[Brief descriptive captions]
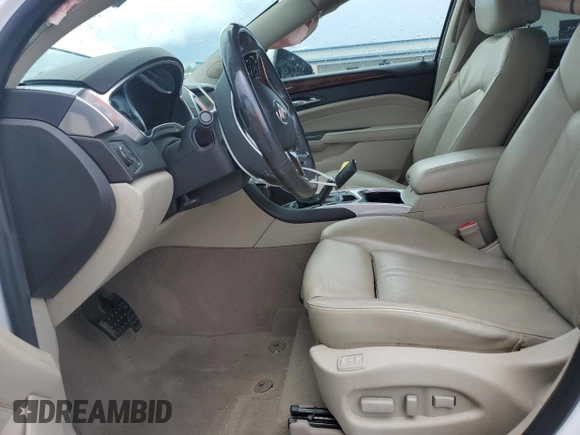 2013 Cadillac SRX Premium Collection with VIN 3GYFNEE32DS644426, listed as a Copart auction lot 59775625 with 106,240 mi miles and Salvage title. Bid and sale history available at DreamBid. Image 7.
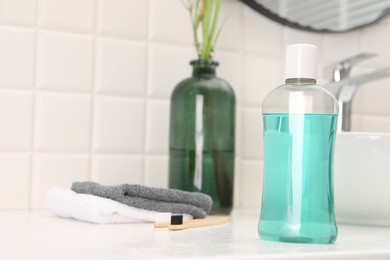 Bottle of mouthwash on white table in bathroom, space for text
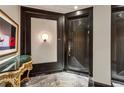 Elegant entry with patterned marble floors and striking dark wood door design at 2660 Peachtree Nw Rd # 4G, Atlanta, GA 30305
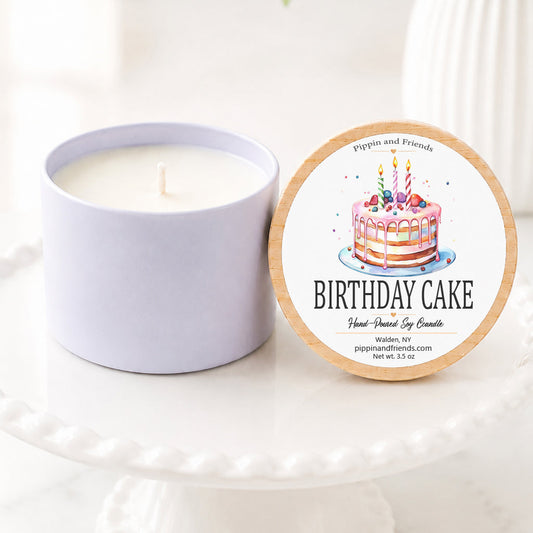 A soy candle in a matte cup-style container sits beside its round lid on a white pedestal. The lid features a printed illustration of a birthday cake and the text 'BIRTHDAY CAKE' with smaller text above reading 'Pippin and Friends'.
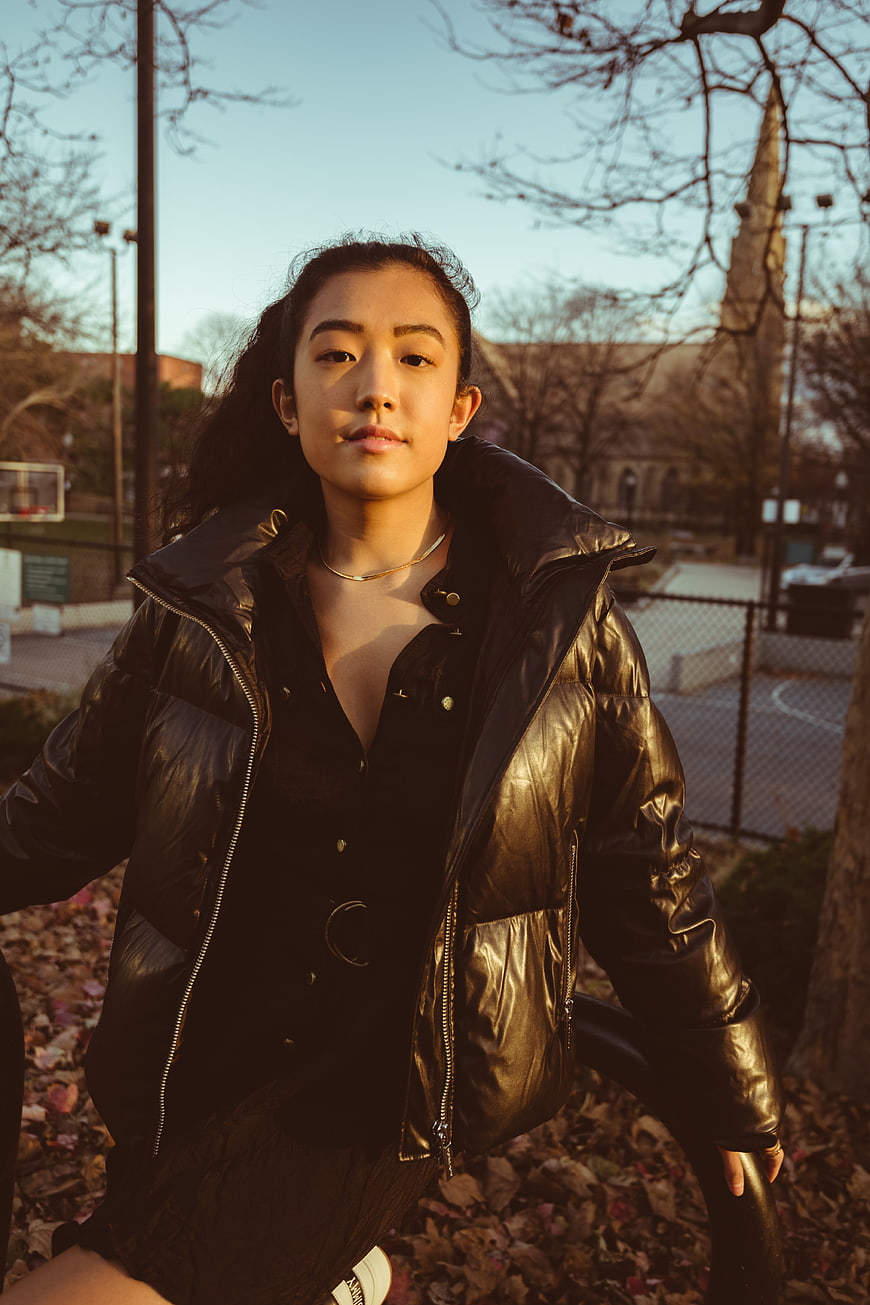 Young Asian Woman in Black Puffer Jacket Outdoors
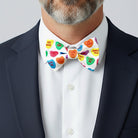 Man wearing a Valentines Day bow tie with heart-shaped designs on a plain background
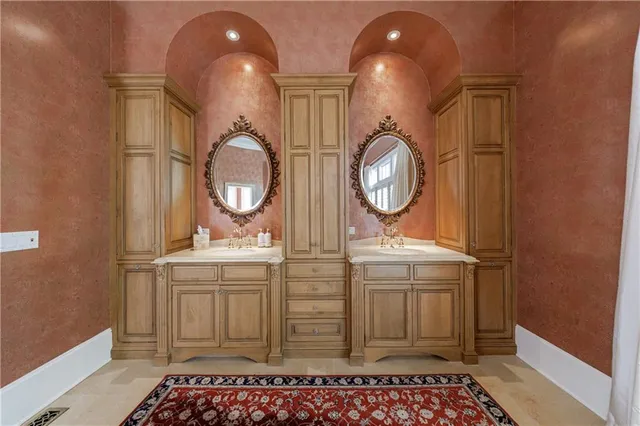 a front view of a house with a yard and green space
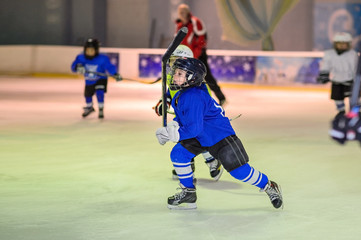 Fototapeta na wymiar Sport for Kids. Young ice hockey players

Task goal: Please write out exactly, and only, the lines from the beginning of the entries through the line containing "Young Asian Woman", including both and skipping all pictures.

Result for this exercise:
 2013 Cadillac SRX Premium Collection with VIN 3GYFNEE32DS644426, listed as a Copart auction lot 59775625 with 106,240 mi miles and Salvage title. Bid and sale history available at DreamBid. Image 7.
 Bottle of mouthwash on white table in bathroom, space for text
 Elegant entry with patterned marble floors and striking dark wood door design at 2660 Peachtree Nw Rd # 4G, Atlanta, GA 30305
 A soy candle in a matte cup-style container sits beside its round lid on a white pedestal. The lid features a printed illustration of a birthday cake and the text 'BIRTHDAY CAKE' with smaller text above reading 'Pippin and Friends'.
 Young Asian Woman in Black Puffer Jacket Outdoors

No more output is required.